I try to combine my reasons for driving into town, like SampleMM posted.

Food shopping means doing more from scratch (which I have always tended to do.) . Prepared foods cost more. I buy meat according to what's on sale that week and plan more than one meal from it. If I'm lucky I can get THREE meals. When there's a major sale on either canned goods or frozen items that I use regularly, I stock up.

We went through our garage and closets and pulled out a bunch of stuff.....Had a yard sale last month which helped. We also discovered some neat stuff to sell either on E-Bay or Craig's list.....(old books).


----------



## Pepipony (Nov 24, 2010)

Coupons. Get at least one sunday paper a week, I get 2 , different types so different coupons. Then go through all the sales ads, walmart wil competition price any local ad, but not for free or % off. If a store has an instore coupon, you can then usually use a manufacturers coupon for the same item. Also watch when a place has a 'with card' price , like CVS, sometimes its more but if they offer a % back it can be worth it. With those cards check the reader when you come in, sometimes you will get $ coupon , like $5 off entire purchase or a store coupon.

Dont run to the store for every little thing, that gallon of milk will cost you much more with all the stuff you get, that you didnt need. Start a pantry, household cleaning closet and freezer. If you have an item or 2 in reserve, you can then wait for a great sale instead of paying the shelf price when you really need something.

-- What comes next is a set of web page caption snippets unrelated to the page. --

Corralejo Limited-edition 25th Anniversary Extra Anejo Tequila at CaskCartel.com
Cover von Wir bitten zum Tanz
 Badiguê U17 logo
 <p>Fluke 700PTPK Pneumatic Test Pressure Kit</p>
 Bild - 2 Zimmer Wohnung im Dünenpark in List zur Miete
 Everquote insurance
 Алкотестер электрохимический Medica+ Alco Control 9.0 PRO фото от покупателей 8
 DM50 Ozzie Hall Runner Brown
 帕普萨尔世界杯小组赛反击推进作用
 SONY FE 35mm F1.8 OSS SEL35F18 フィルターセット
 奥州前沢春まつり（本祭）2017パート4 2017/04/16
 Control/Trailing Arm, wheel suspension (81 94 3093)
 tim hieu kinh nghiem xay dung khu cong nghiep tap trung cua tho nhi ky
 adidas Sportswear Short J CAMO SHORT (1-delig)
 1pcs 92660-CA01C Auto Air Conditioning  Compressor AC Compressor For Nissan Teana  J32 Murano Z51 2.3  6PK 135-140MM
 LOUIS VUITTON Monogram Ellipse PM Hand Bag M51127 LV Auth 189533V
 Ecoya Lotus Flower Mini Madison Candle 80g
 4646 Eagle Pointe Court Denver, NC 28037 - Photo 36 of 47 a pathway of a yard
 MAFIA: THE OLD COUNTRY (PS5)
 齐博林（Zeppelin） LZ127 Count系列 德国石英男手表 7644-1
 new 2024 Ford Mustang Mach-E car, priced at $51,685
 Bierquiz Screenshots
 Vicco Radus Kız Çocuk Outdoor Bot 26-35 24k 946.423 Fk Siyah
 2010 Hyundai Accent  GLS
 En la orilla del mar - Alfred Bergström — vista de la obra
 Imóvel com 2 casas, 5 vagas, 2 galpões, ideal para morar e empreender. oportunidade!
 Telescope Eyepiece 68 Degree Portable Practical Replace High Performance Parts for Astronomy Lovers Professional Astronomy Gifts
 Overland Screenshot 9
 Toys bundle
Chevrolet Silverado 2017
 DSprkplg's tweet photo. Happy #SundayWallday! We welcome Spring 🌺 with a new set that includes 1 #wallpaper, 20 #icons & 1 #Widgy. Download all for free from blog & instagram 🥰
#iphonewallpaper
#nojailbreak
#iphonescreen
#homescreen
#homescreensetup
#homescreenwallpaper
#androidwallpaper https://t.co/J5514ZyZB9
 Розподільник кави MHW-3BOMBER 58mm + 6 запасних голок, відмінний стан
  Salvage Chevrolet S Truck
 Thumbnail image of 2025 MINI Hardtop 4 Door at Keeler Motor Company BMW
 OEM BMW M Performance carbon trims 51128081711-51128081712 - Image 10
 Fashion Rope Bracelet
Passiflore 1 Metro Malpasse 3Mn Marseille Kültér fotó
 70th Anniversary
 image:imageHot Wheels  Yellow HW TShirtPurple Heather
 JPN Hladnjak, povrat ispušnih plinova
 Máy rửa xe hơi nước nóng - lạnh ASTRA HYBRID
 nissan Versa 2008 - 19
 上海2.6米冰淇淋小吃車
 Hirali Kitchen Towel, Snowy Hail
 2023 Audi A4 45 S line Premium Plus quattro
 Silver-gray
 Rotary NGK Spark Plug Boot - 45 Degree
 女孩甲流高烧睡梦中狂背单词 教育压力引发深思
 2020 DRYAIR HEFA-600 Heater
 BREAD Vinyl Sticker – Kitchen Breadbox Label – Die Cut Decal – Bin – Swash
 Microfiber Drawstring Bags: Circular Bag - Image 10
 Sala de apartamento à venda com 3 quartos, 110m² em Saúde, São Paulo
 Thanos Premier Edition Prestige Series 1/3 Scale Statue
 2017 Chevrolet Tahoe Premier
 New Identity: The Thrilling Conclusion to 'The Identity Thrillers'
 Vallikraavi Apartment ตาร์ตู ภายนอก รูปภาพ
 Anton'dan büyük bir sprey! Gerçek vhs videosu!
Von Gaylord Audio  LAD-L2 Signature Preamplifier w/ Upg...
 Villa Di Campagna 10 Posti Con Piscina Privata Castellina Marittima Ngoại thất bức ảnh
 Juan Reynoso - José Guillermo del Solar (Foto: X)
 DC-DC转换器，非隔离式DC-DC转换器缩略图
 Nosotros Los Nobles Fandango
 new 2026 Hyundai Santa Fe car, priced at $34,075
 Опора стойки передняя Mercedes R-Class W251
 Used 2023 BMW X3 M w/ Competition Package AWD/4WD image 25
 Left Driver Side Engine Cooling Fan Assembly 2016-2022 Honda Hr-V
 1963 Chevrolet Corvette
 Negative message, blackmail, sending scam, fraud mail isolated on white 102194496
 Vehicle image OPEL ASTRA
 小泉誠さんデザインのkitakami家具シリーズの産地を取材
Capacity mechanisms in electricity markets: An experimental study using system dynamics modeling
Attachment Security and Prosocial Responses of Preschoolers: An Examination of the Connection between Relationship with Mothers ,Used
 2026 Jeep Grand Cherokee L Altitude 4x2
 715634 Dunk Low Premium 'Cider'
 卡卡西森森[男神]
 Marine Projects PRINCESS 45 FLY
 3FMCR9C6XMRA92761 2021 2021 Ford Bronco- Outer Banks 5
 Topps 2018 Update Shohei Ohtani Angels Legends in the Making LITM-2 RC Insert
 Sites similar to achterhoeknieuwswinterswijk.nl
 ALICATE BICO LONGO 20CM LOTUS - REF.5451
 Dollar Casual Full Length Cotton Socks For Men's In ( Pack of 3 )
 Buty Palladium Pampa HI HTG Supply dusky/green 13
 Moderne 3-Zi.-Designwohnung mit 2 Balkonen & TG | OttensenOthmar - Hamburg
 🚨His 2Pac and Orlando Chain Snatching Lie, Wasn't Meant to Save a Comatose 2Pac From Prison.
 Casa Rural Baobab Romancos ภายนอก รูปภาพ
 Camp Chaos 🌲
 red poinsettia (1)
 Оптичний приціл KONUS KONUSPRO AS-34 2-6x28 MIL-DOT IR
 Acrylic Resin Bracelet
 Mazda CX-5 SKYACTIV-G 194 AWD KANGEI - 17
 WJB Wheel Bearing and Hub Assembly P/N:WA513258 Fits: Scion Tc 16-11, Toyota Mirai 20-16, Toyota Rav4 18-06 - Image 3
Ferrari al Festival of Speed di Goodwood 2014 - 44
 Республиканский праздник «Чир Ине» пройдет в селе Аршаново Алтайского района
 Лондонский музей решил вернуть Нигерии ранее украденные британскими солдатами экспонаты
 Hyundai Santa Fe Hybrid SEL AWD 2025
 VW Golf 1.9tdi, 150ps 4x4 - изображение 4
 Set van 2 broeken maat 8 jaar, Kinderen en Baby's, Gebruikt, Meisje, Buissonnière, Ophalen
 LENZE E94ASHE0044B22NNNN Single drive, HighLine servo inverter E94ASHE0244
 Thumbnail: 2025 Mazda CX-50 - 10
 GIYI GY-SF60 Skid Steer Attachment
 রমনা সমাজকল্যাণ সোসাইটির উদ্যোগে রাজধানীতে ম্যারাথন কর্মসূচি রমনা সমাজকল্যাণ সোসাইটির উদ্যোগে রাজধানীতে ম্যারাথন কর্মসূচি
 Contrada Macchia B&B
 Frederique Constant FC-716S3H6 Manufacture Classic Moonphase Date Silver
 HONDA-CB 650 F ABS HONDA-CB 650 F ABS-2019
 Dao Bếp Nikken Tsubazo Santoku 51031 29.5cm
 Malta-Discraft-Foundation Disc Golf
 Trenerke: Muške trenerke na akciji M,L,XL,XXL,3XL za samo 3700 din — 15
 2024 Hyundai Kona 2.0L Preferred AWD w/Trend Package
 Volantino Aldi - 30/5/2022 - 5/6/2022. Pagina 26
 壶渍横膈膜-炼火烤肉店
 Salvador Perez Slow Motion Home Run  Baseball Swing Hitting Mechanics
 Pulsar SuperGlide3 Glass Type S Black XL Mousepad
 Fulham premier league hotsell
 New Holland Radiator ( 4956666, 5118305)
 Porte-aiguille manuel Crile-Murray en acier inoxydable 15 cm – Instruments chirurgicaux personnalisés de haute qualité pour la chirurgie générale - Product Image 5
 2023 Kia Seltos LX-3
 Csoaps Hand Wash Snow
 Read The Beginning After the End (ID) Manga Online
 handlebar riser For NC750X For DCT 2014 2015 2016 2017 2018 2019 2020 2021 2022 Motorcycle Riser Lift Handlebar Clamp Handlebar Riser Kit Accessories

Also check online for coupons. Its nothing for me to save 30-50% every month.

Dont be bashfull about coupons, load em up and save. Watch when the cashier scans your coupons because it isnt odd for the coupon to be one $ and ring another. Also watch for the items price, stores arent watching out anymore about price discrepancies, I dont think they care and I dont think they see it as stealing, but it is.

Look online for store coupons and sign up at stores for email. Just make a yahoo or msn type email and use it solely for these things, so you dont inundate yourself with spam.

Call utilities and ask for a price break. Make sure your property tax is correct. Hope these help *-)


----------



## disneyhorse (Nov 24, 2010)

I agree with the coupons... but make sure you cut out only the ones for "essentials." If you don't normally buy it, don't cut the coupon and be tempted to buy the new-fangled frozen entrees, cookies, or whatnot.

Cooking your own food from scratch versus buying fast food or going out to eat is not only cheaper, but healthier. Make things that you can eat for leftovers, too.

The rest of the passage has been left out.